_WHAT YOU NEED TO DO_
With the pictures left out, return exactly the lines from the one containing "Gia Đình Bị" through the end of the listing below.

_MATERIAL PROVIDED_
____________

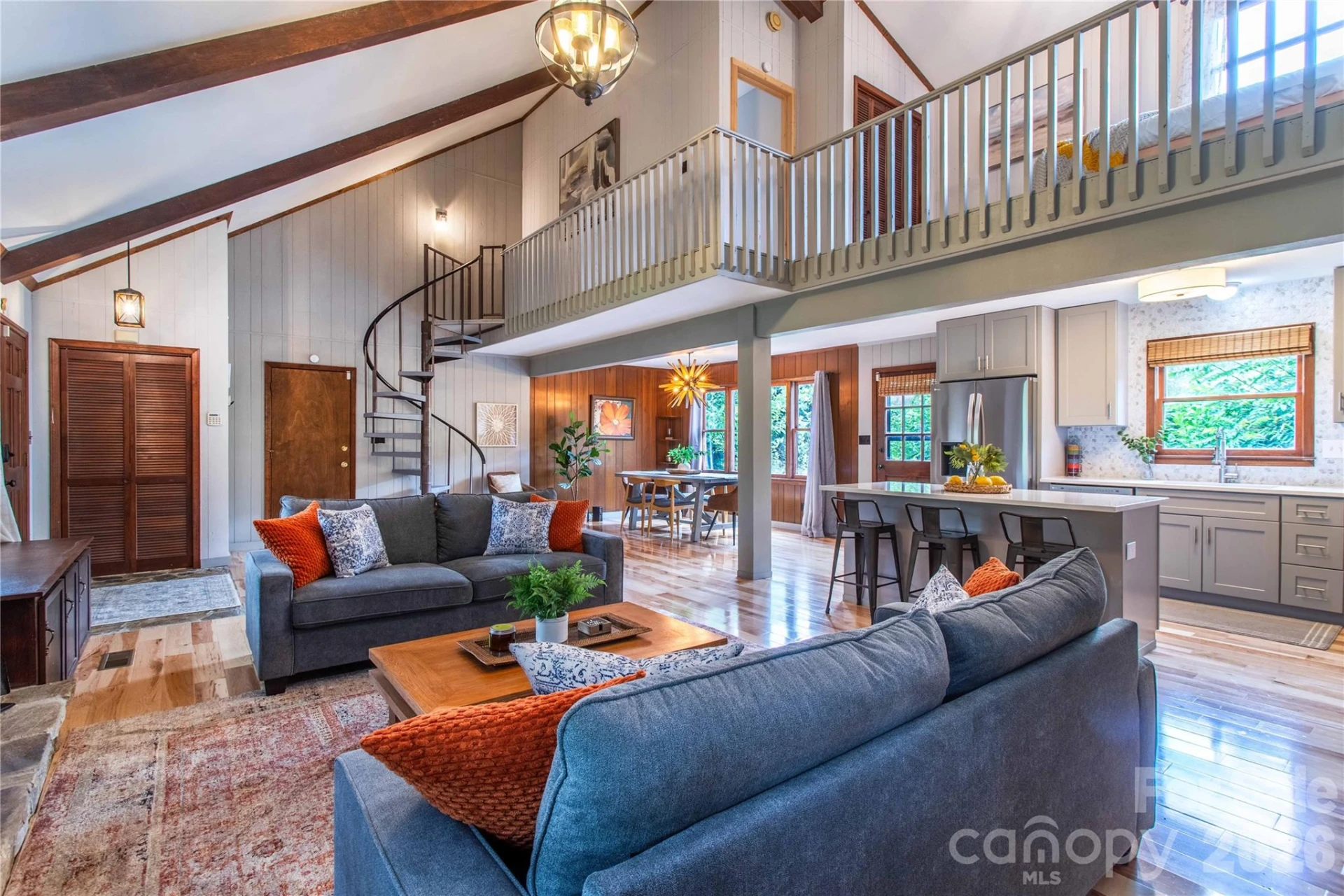132 Hurd Road - Photo 9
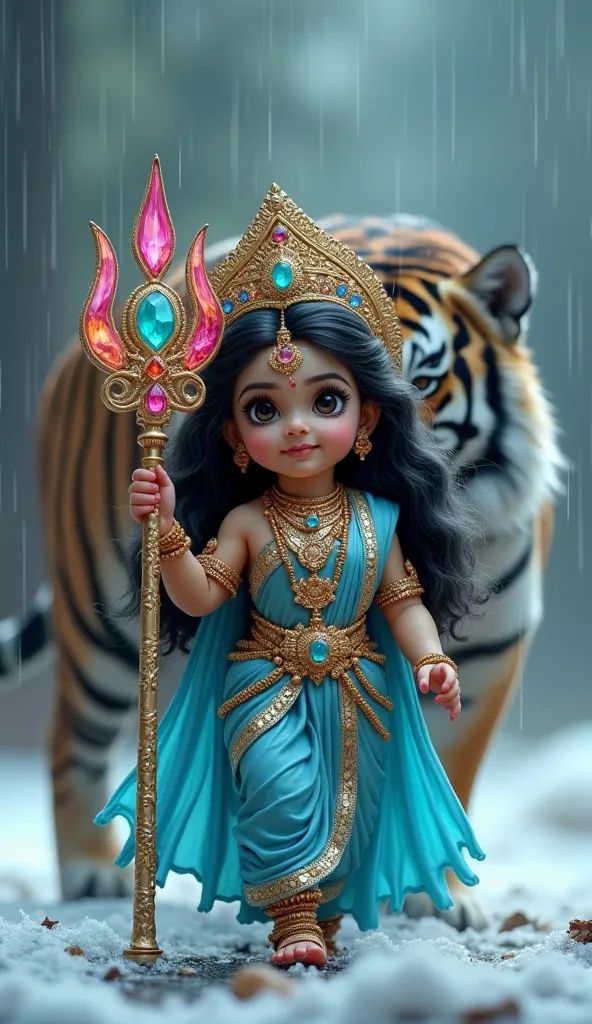 Navratri_Wallpaper_14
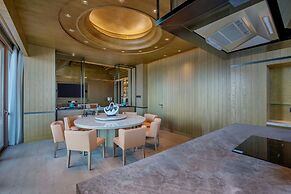 DoubleTree by Hilton Shanwei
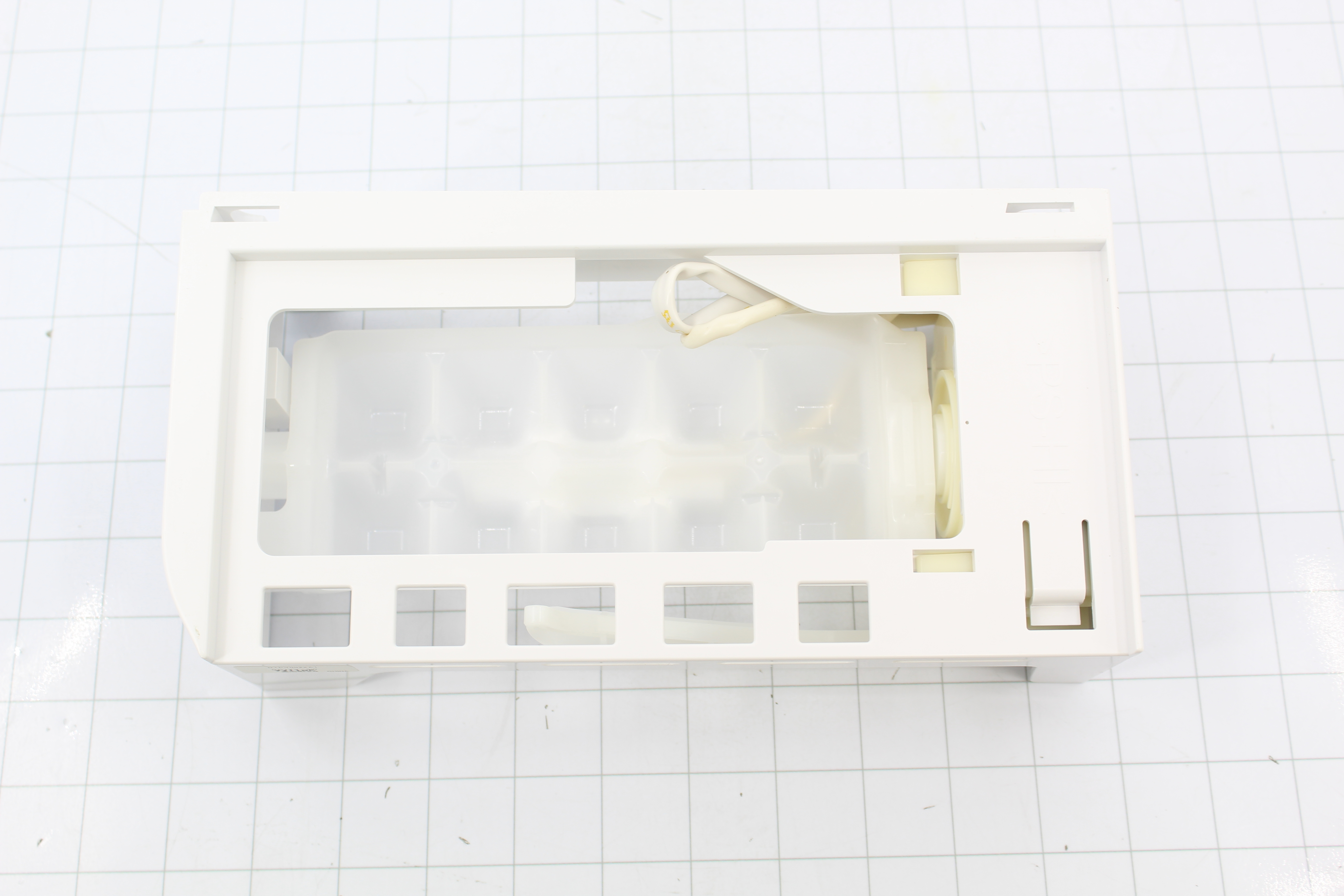 Dacor 108986 - Ice maker | Dacor Parts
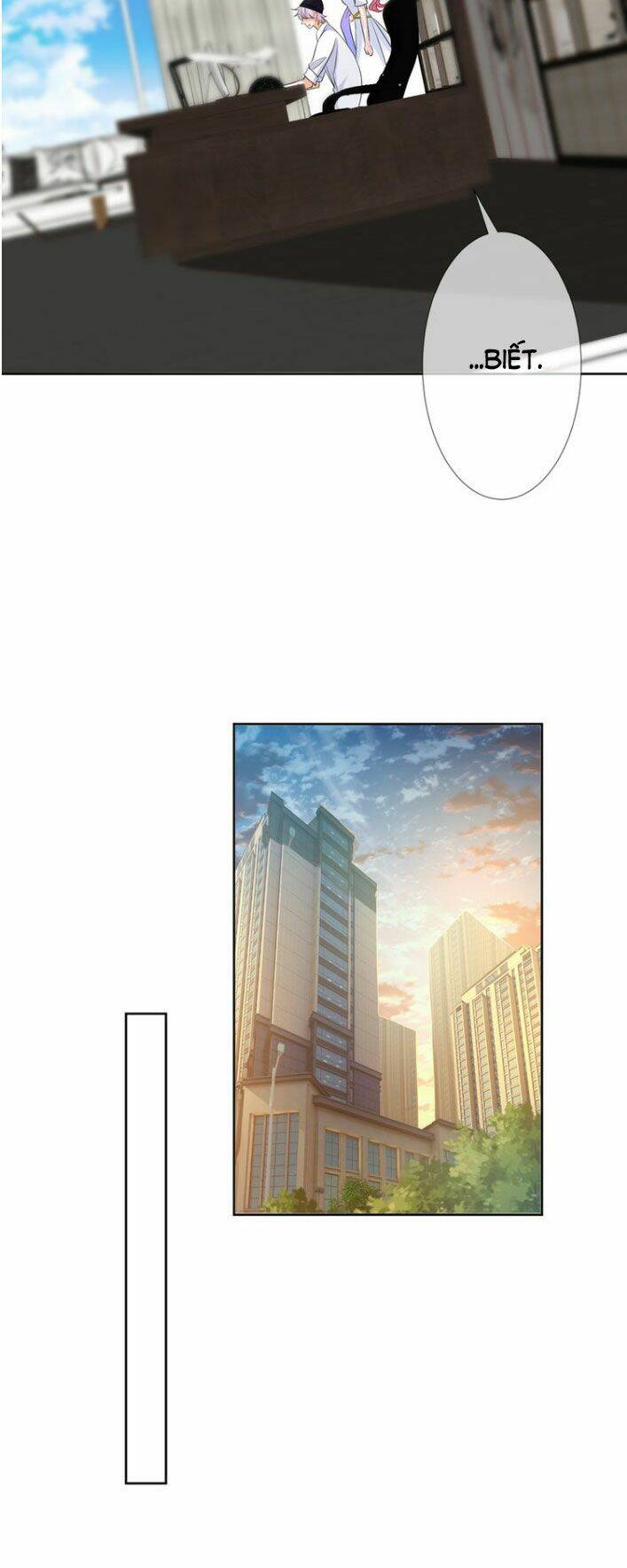Chương 126 - Trang 20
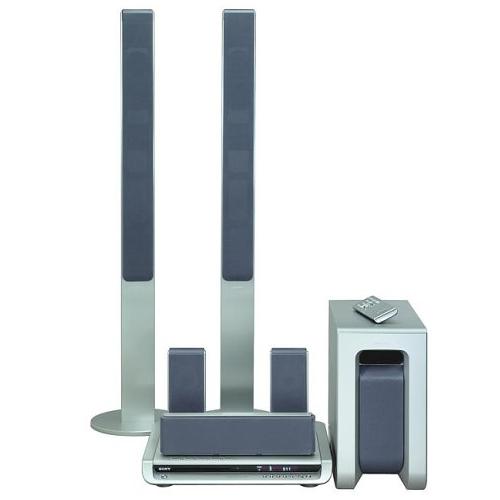 Sony DAVFR8 DVD Dream® System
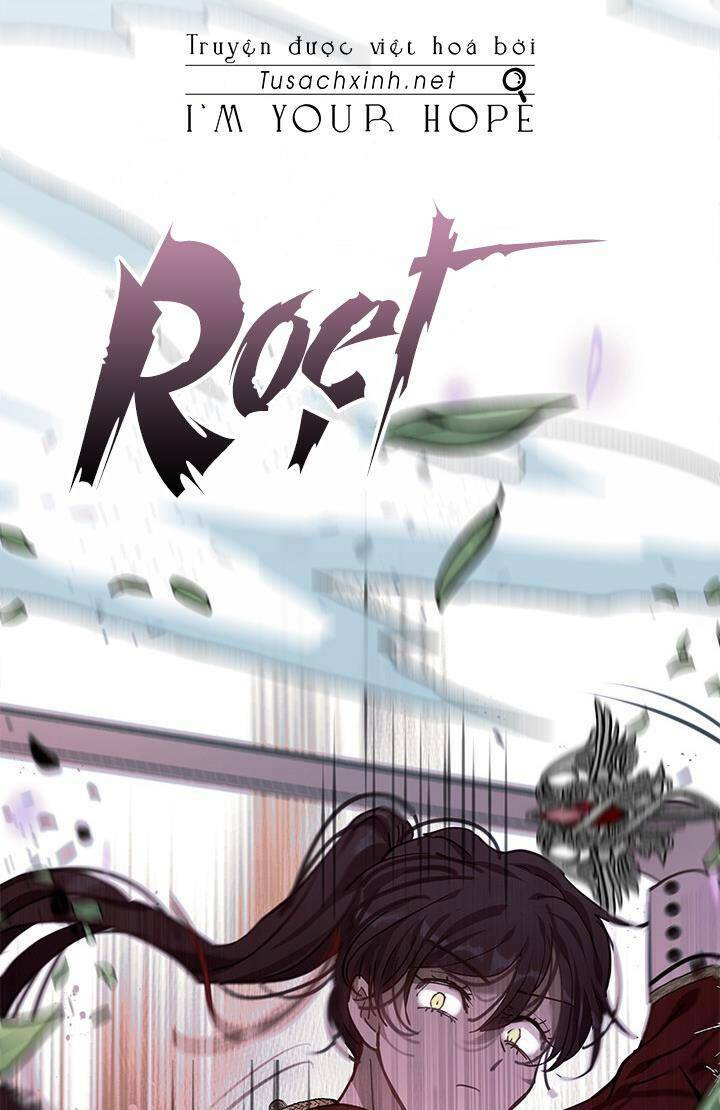 Gia Đình Bị Ám Ảnh Bởi Tôi Chap 65 - Next Chap 66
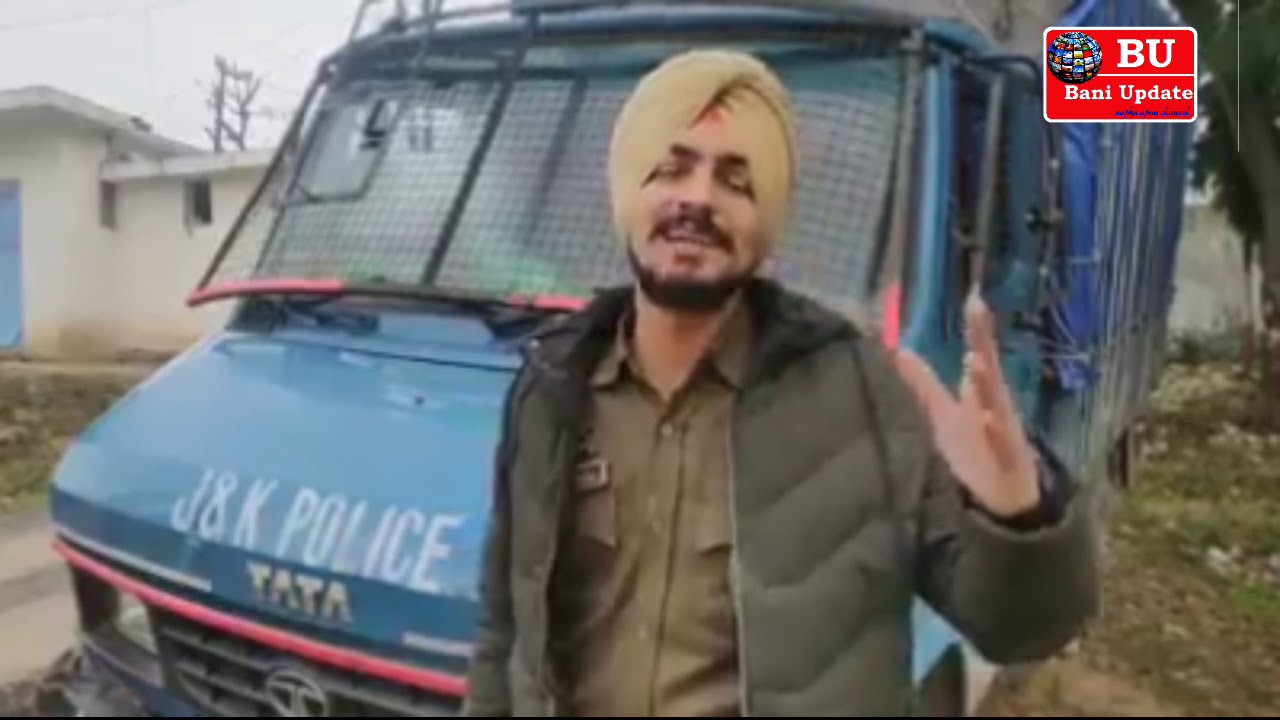 Pupinder chahal | #newsong #JKP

____________

_RESULT OF THE TASK_
 Gia Đình Bị Ám Ảnh Bởi Tôi Chap 65 - Next Chap 66
 Pupinder chahal | #newsong #JKP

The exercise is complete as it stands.